Though Washington pleaded with the Continental Congress and state governors to obtain food and supplies for his suffering army, starvation, and such (diseases) as typhus and smallpox, and a lack of protection from the elements caused the death of more than 2,000 soldiers.1
As of 22 December 1777, Washington’s quartermaster told him he had only 25 barrels of flour and only a little salt pork — desperately little for an entire army. It led Washington to tell the President of the Continental Congress that, unless conditions could be relieved and fast, “this Army might dissolve.”2
All of this, and more, The Legal Genealogist learned in school. Growing up as I did in New Jersey, you always learned about the Revolutionary War and the battles fought here and the terrible winter at Valley Forge … yadda yadda yadda.
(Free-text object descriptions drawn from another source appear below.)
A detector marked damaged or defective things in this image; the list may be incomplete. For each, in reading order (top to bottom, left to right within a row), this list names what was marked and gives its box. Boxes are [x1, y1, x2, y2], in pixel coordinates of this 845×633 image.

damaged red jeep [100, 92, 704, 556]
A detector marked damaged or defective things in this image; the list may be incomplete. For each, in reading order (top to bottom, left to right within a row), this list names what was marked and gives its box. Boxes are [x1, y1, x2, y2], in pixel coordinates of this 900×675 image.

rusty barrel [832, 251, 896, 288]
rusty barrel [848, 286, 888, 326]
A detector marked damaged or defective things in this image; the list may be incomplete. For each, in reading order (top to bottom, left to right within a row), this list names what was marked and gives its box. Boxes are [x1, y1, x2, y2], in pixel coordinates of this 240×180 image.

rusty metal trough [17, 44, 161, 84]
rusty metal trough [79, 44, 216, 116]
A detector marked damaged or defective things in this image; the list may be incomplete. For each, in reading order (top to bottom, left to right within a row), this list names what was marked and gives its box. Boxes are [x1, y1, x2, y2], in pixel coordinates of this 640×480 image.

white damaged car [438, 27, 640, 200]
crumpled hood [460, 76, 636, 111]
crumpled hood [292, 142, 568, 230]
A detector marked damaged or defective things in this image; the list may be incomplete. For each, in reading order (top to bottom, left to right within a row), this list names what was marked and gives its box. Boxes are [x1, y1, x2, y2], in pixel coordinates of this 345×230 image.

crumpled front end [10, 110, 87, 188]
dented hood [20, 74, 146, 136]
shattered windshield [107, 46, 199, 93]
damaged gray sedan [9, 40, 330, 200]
And, as a kid growing up in New Jersey, that’s about all the story was to me: yadda yadda yadda.
And then I got interested in my family’s history.
And discovered for myself how much different history can be when it’s not just a nation’s history, but your own as well.
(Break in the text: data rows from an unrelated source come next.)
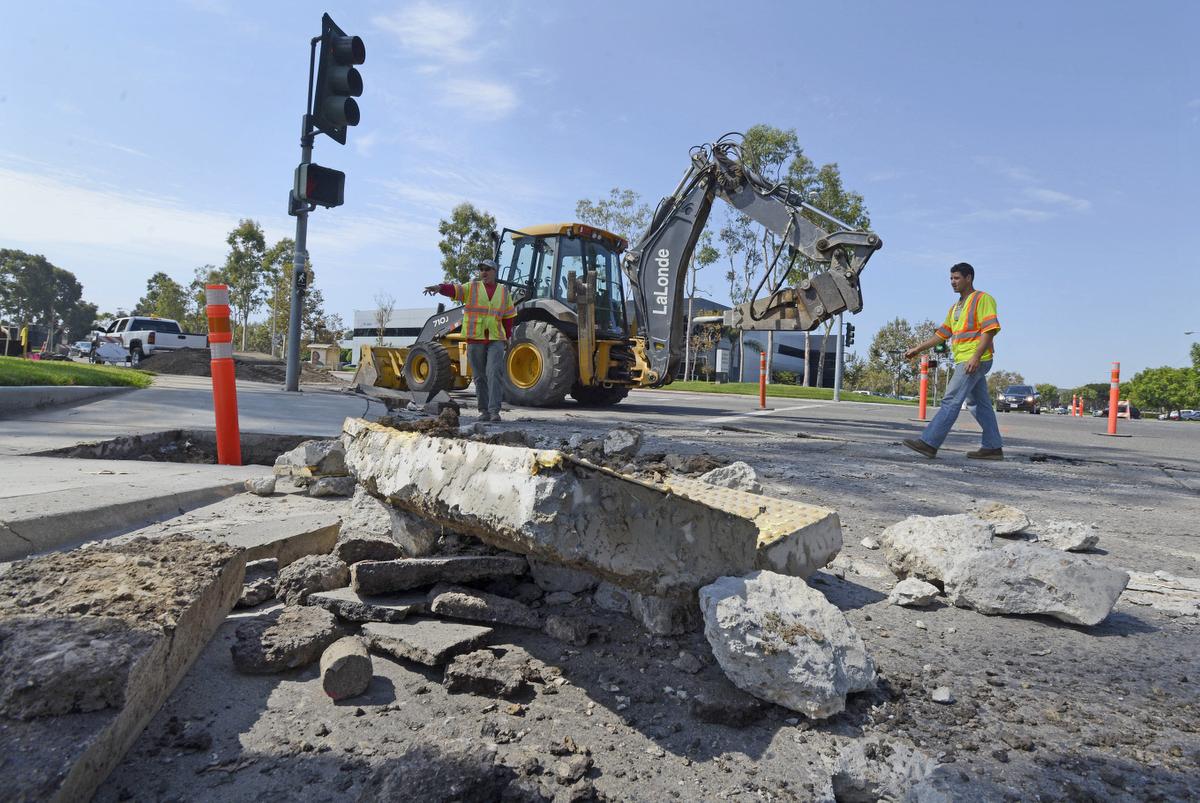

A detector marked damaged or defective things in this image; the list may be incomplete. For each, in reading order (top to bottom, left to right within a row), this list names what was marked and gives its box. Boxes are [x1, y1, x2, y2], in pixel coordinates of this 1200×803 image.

broken concrete [243, 478, 276, 496]
broken concrete [274, 436, 346, 480]
broken concrete [304, 478, 356, 496]
broken concrete [342, 418, 840, 600]
broken concrete [700, 462, 764, 494]
broken concrete [880, 516, 992, 584]
broken concrete [972, 500, 1024, 536]
broken concrete [1032, 520, 1096, 552]
broken concrete [237, 560, 278, 608]
broken concrete [280, 556, 354, 608]
broken concrete [304, 588, 426, 624]
broken concrete [352, 556, 528, 600]
broken concrete [426, 584, 540, 628]
broken concrete [884, 576, 944, 608]
broken concrete [944, 548, 1128, 628]
broken concrete [0, 532, 244, 803]
broken concrete [230, 608, 342, 676]
broken concrete [318, 636, 370, 700]
broken concrete [360, 620, 492, 668]
broken concrete [442, 648, 540, 696]
broken concrete [700, 572, 876, 724] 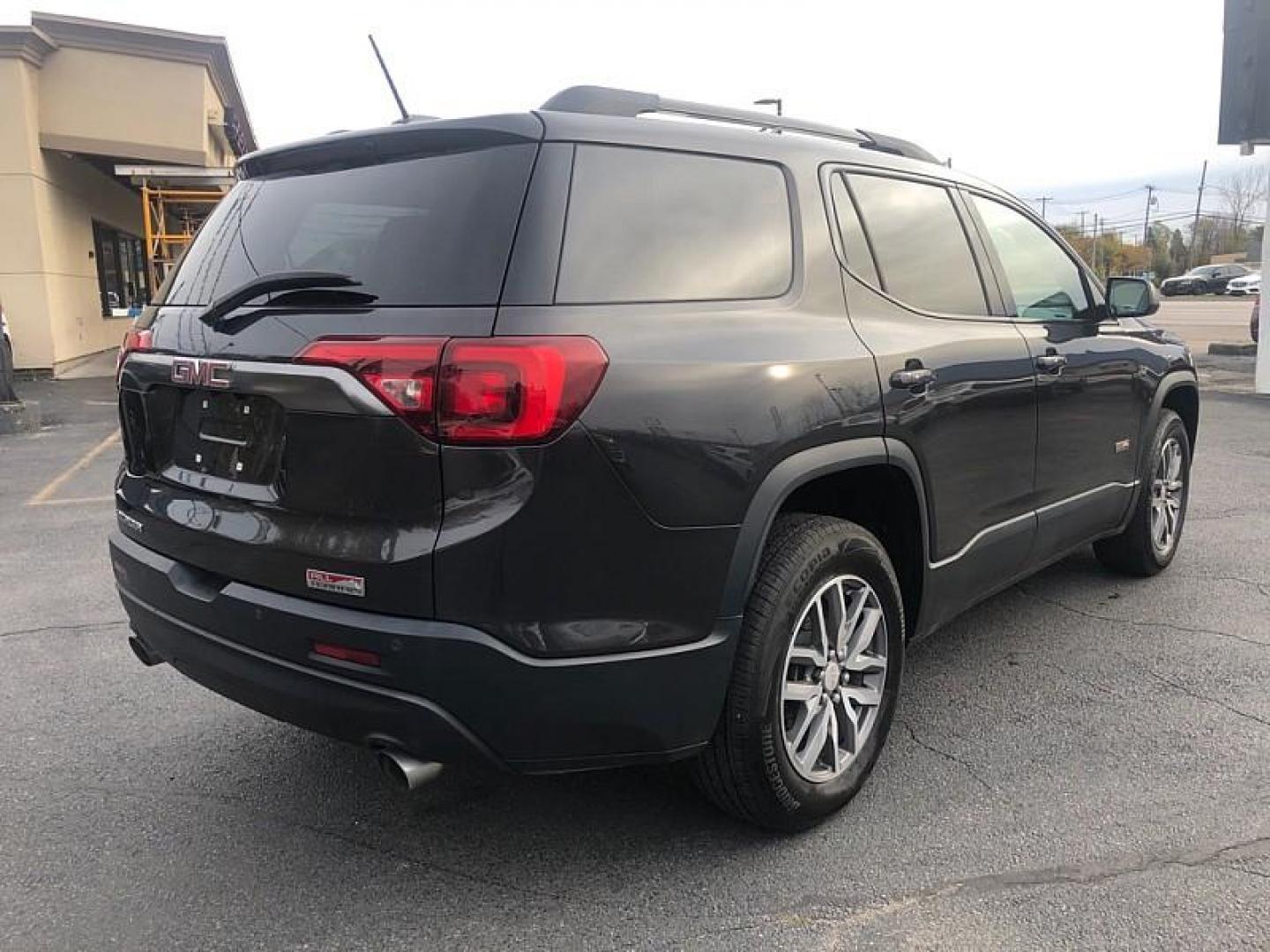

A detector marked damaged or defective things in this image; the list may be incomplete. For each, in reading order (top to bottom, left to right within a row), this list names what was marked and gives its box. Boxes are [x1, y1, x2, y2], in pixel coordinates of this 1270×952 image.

parking lot crack [1011, 586, 1270, 655]
parking lot crack [899, 725, 995, 792]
David Baker was a corporal in the Third Virginia Regiment,3 closing in on the end of his two-year enlistment — his time was up in February of 1778.
And the Third Virginia was at Valley Forge with Washington that terrible winter of 1777-78.
William Noel Battles was then a private in the Tenth Virginia Regiment — transferred to the Sixth Virginia in September 1778.4
And the Tenth Virginia was at Valley Forge that winter, too.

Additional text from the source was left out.